The Department for Work and Pensions (DWP) has announced that Universal Credit is now live in Shotton, Wales.
It is the first site in Wales to be connected, and the 10th to go live with the system overall. Universal Credit, a major project that aims to merge six benefits into one, is so far running in Greater Manchester and the Cheshire area, Hammersmith, Inverness, Rugby, Bath and Harrogate.
Minister for Welfare Reform Lord Freud reiterated that Universal Credit is being deliberately rolled out slowly.
“We are bringing in Universal Credit in a slow, safe and controlled way,” he said. “This careful approach is working well and we’re in a strong position as we continue to introduce it across the country.”
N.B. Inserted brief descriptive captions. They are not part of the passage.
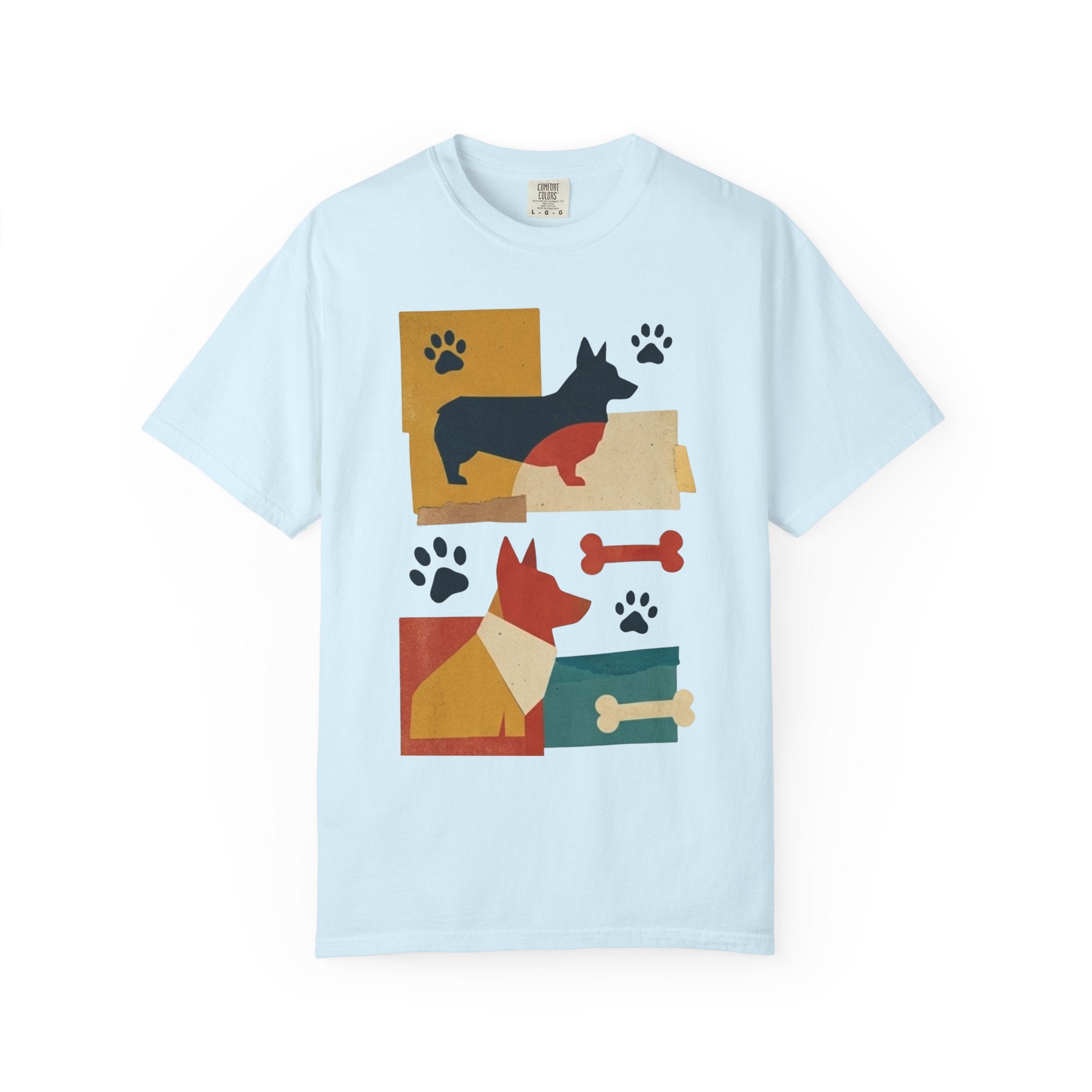 "Dogs and Bones" Unisex Garment-Dyed Tee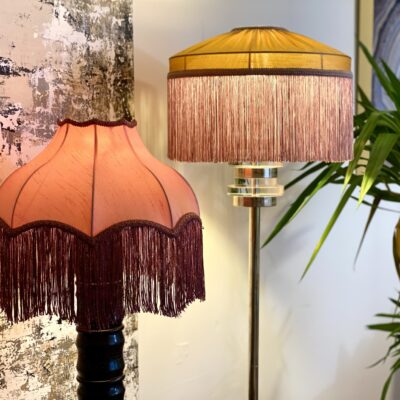 Vintage style lampshade workshop with Moji Designs in Brighton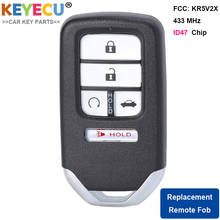 KEYECU-llave de coche con Control remoto inteligente, accesorio para Honda Civic 2016, 2017, 2018, 2019, 2020, Fob, 5 botones, 434MHz, Chip ID47, ID FCC: KR5V2X 2024 - compra barato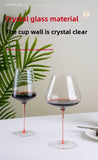 Luxury high-end Burgundy home crystal glass wine glass highball glass peach heart champagne glass Yan value red wine glass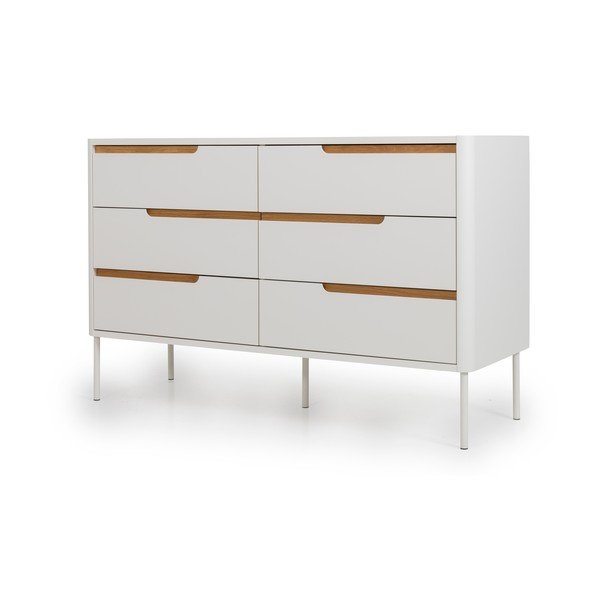 Biela komoda Tenzo Switch, 130 x 83 cm-image-3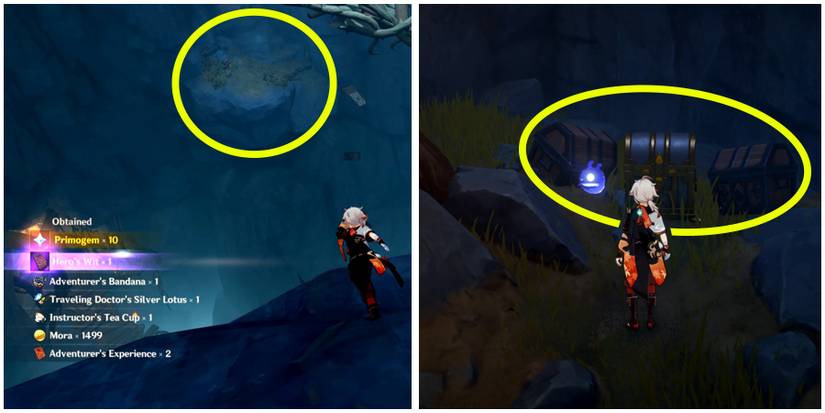 xinyan domain last three chests location in genshin impact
The rollout is continuing despite reports that the system could be scaled back or scrapped after the next general election if it does not deliver results.
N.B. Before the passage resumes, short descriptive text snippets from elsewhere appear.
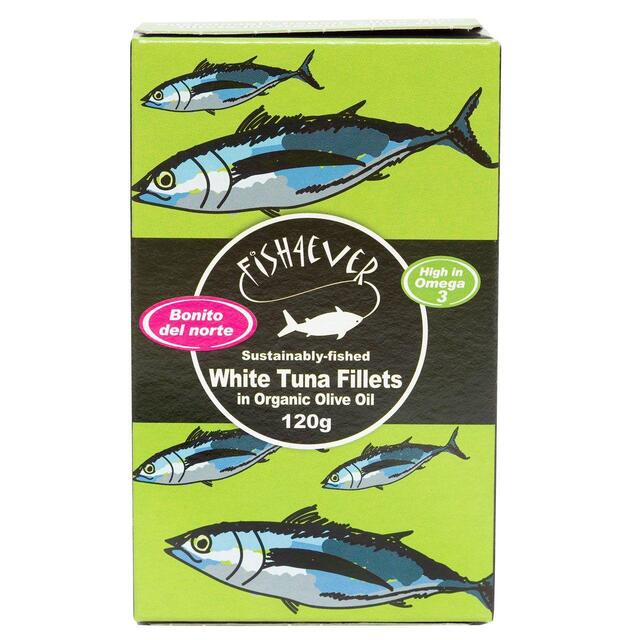 Fish 4 Ever White Tuna in Organic Olive Oil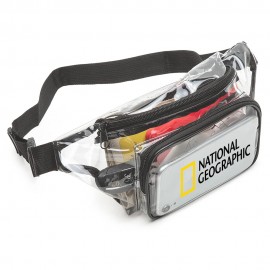 Customized Waterproof Waist Bag Clear Purse Transparent Fanny Pack with Logo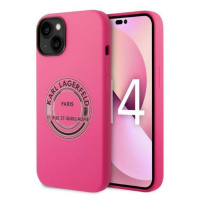 Karl Lagerfeld KLHCP14MSRSGRCF hard silikonové pouzdro iPhone 14 PLUS 6.7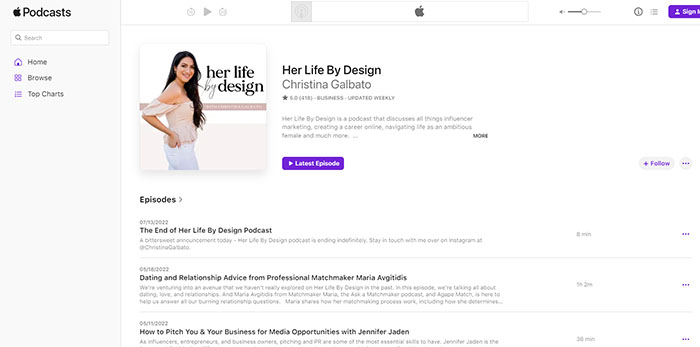 Her Life By Design (Christina Galbato)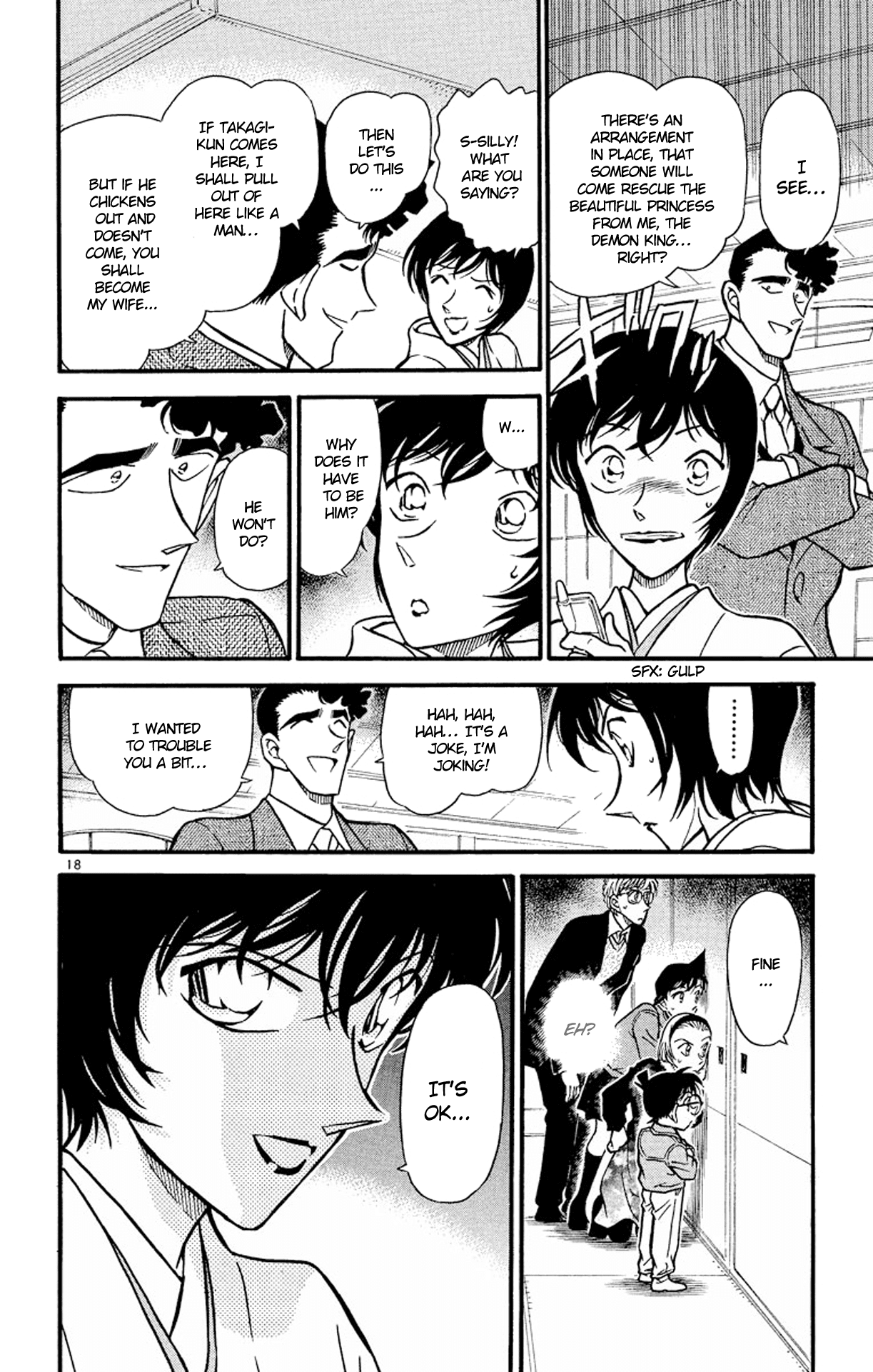Detective Conan Chapter 328 page 19 - Chapter 328: Satou's Omiai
Furthermore, ministers insist that the technology behind Universal Credit is functioning, in spite of the IT problems encountered since its inception, which led to millions of pounds of assets being written off.
Lord Freud made no reference to the recent developments around Universal Credit, which saw DWP tender for services from the government’s digital services framework contract to help the department develop a private beta version of UC, followed by a public beta.
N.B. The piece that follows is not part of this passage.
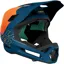 Lazer Cage KinetiCore Full Face MTB Helmet - Orange / Blue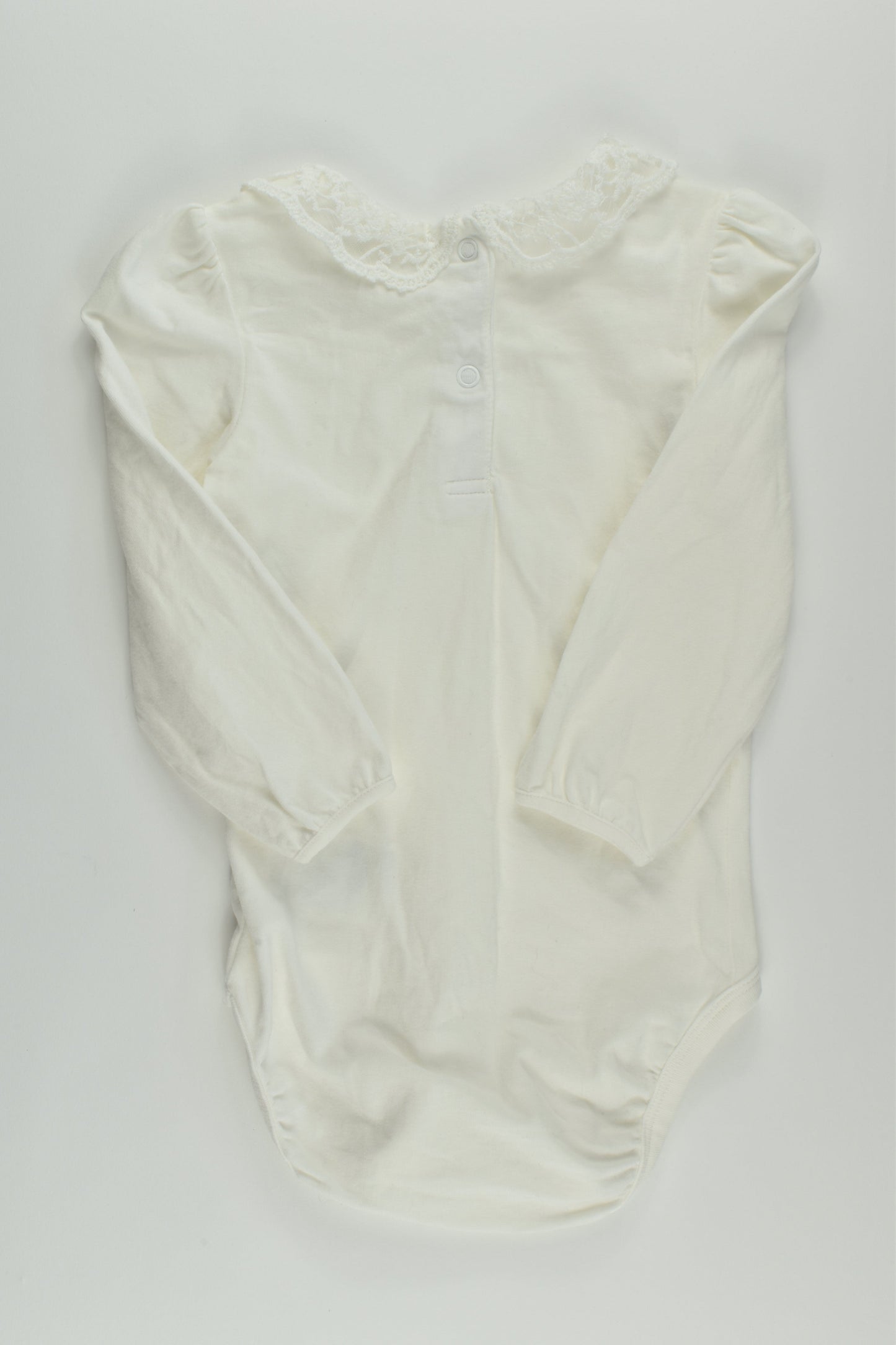 H&M Size 1 Lace Collar Bodysuit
DWP had been working with the Government Digital Services (GDS) team on developing a digital Universal Credit system, but it was revealed in January that GDS was backing away from the project, and taking its digital savvy IT team with it.
The department has, as a result, been forced to draw on the digital services framework and to hire more people with the necessary digital expertise to work on the Universal Credit transformation project.
Universal Credit was initially introduced from April 2013 in certain areas of the North West, known as Pathfinder sites. These included Ashton-under-Lyne Jobcentre, which started to accept Universal Credit claims from 29 April, Wigan, which started to accept claims from 1 July, followed by Warrington and Oldham on 29 July.
Rugby, which went live with the system in November 2013, recently revealed how in addition to the IT, top-down communication was a problem for Universal Credit.
The council likened its efforts to communicate with the Department for Work and Pensions (DWP) to “banging your head against a brick wall.”
Chancellor George Osborne recently created further confusion around the ever-moving UC completion date by saying that the new system would be “fully available” across the UK by 2016 in his latest Budget document.
DWP has previously said that the national Universal Credit rollout will not be complete until an unspecified time after its original 2017 deadline.